Similar results, that is, additive effects of expectation and conditioning, were obtained also by applying a non-pharmacological conditioning procedure [78], without administering any drug. Studying the effect of placebo caffeine on the quadriceps muscle work and fatigue during volitional maximal exercise, Pollo et al. [79] applied a surreptitious reduction of the load to lift, in order to reinforce by personal testing the verbal suggestion given about the facilitatory effects of caffeine on muscle performance. In the subsequent evaluation phase, while muscle work, but not fatigue, increased after suggestion, both objective and subjective parameters increased with more robust effects when the preconditioning procedure was associated. Clearly, learning underpins all these responses, but it is unclear whether it takes the form of classical conditioning or only that of conscious reinforcement of expectation [80]. Future studies should try to implement new training strategies, addressing the issue of the legal versus illegal exploitation of psychological mechanisms in sport competition.

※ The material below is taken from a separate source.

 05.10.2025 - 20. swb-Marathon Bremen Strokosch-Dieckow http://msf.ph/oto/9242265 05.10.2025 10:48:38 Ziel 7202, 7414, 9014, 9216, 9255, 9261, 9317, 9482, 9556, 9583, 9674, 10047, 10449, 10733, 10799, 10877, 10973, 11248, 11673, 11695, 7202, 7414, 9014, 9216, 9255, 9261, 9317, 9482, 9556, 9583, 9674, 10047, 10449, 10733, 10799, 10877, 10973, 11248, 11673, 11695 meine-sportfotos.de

(c). The central governor of fatigue

Contrary to other areas of placebo research, in physical performance, knowledge about underlying mechanisms is still scant. Apart from a role for endogenous opioids in placebo pain endurance [77] and a conceivable role of the general dopamine reward mechanism (see above), not much is known at present. In many of the above reported studies, athletes were asked to perform at their limit, in an all-out effort. Placebos apparently acted by pushing this limit forward. It can be speculated that they could impact on a central governor of fatigue, which although not identified, has been proposed as a brain centre integrating peripheral signals (such as heart and respiratory rate, lactate, carbohydrate availability and mechanical strain) and central control processes. The output of this centre would continuously regulate exercise performance to avoid reaching maximal physiological capacity. This would provide protection against damage on one hand, and constant availability of a reserve capacity on the other [81,82]. By altering expectations, placebos could then represent a psychological means to signal the central governor to release the brake, allowing an increase in performance in a manner not dissimilar from that achieved by pharmacological means (for example, by amphetamines decreasing perceived fatigue). While this awaits experimental evidence, it is intriguing to consider that it could represent yet another example of the way the context can act on the same membrane receptors targeted by drugs and neurotransmitters [4].

6. Conclusions

We are witnessing an epochal passage, when purely theoretical entities like ‘suggestibility’ and ‘power of the mind’ are finally being replaced by biological accuracy and molecular certainty, with rituals and context interpreted in terms of specific brain regions and biochemical pathways activated. The capacity of the mind to affect the body can now become visible and mechanistically understandable in circuits of the prefrontal cortex calling into action the endogenous antinociceptive system, or in the STN shifting its firing properties, resulting in changes in perception or movement in response to a placebo.